Poke – The Taste of Hawaii

Monahan's Seafood Market | Fresh Whole Fish, Fillets, Shellfish, Recipes, Catering & Lunch Counter-Ann Arbor, Michigan

If you’re like me and love sashimi, ceviche, crudo, tartare or almost anything that’s raw, pickled, cured or corned you’re going to love this one- Poke!

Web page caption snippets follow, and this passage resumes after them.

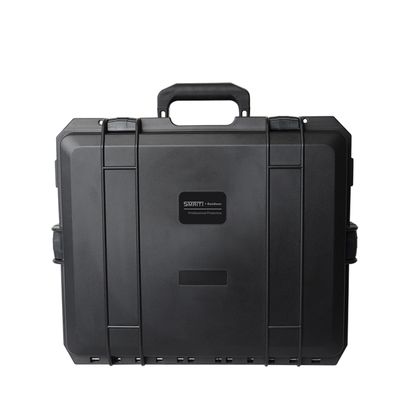 smriti传承防护箱塑料包装箱仪器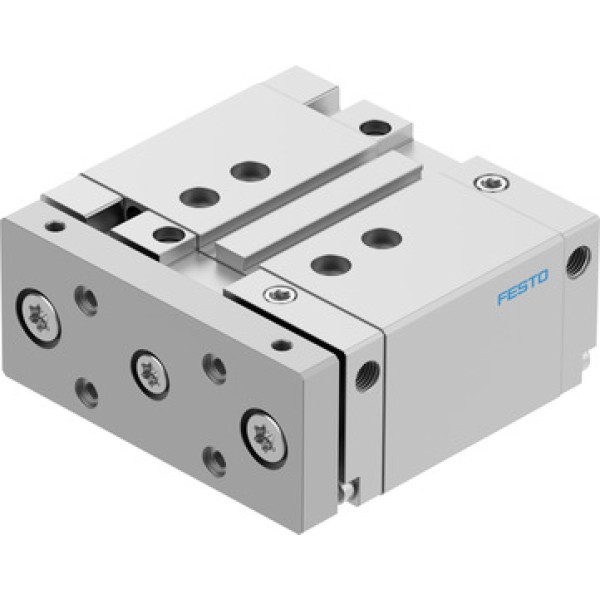 DFM-40-25-B-PPV-A-GF Führungszylinder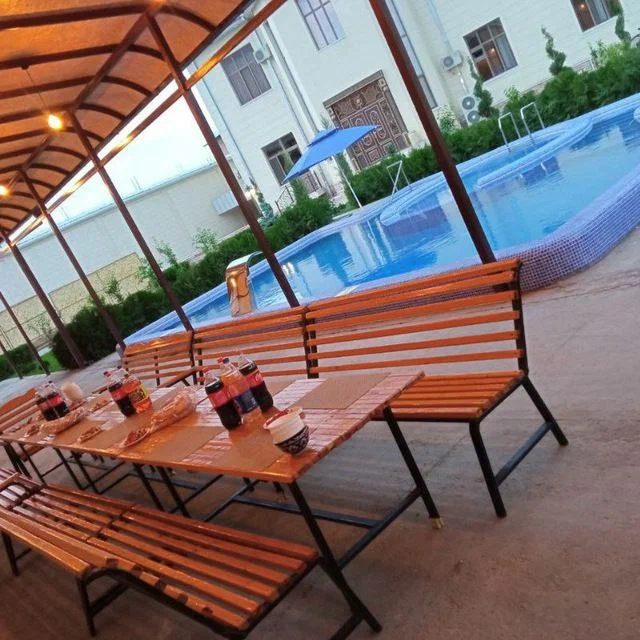 Oasis 4
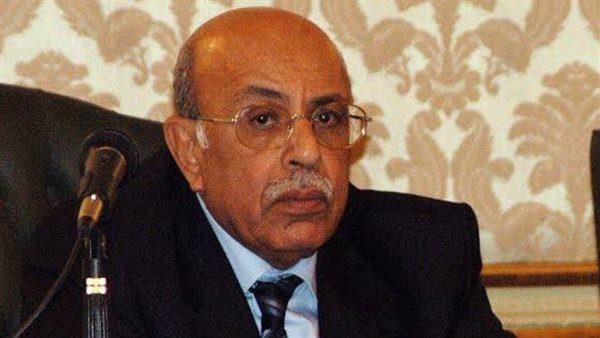 وفاة الدكتور مفيد شهاب..رحيل أحد أبطال استعادة طابا وأبرز أعلام القانون الدولي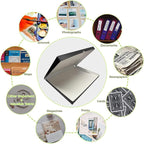 Lineco Folio Storage Box, Clamshell Design - Image 7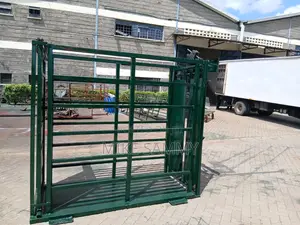 Animal (Cattle) Weighing Scale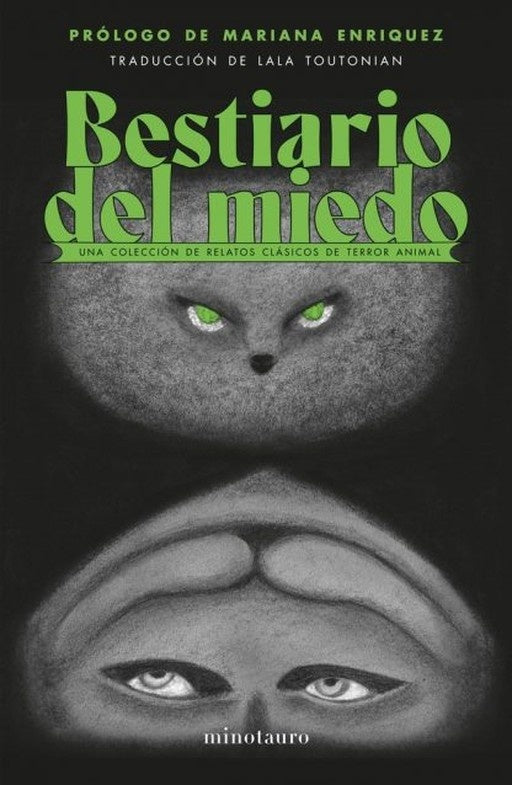 Bestiario del miedo | Varios autores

Pronounced “pohkay” it’s loved throughout the islands and has hit the mainland by storm. The word poke means to cut, slice, or section in pieces. Early Hawaiians seasoned raw fish with salt and whatever other seasonings that were on hand, such as different types of Limu (seaweed) or Inamona (toasted insides of kikui nut). Later when soy sauce, onions, chiles and tomatoes came to the islands, things started to get creative. Nowadays most pokes are soy sauce based with Inamona (we substitute toasted macadamia nuts), onions, sea salt, chiles, some type of Limu and sesame oil. Some people add toasted sesame seeds or oyster sauce or maybe a pinch of brown sugar.You can really create your own as long as you’re using a fish that’s sushi grade.

sashimi tuna

I first fell in love with poke on a buying trip to Honolulu back in 1980. After getting up at 4 a.m. to visit the Honolulu fish auction, which was amazing in itself, we headed over to the Tomashiro Market for a breakfast of raw marinated fish. The market was awesome, with loins of #1 Yellowfin, Bigeye and Bluefin tuna laid out in rows the way we display lake perch. It seemed like they had a whole wall of different styles of poke. I tried the Ahi (tuna) and Tako (octopus) and immediately realized why it is the national obsession. The clean fresh saltiness was like a sweet slap in the face from the Maui surf.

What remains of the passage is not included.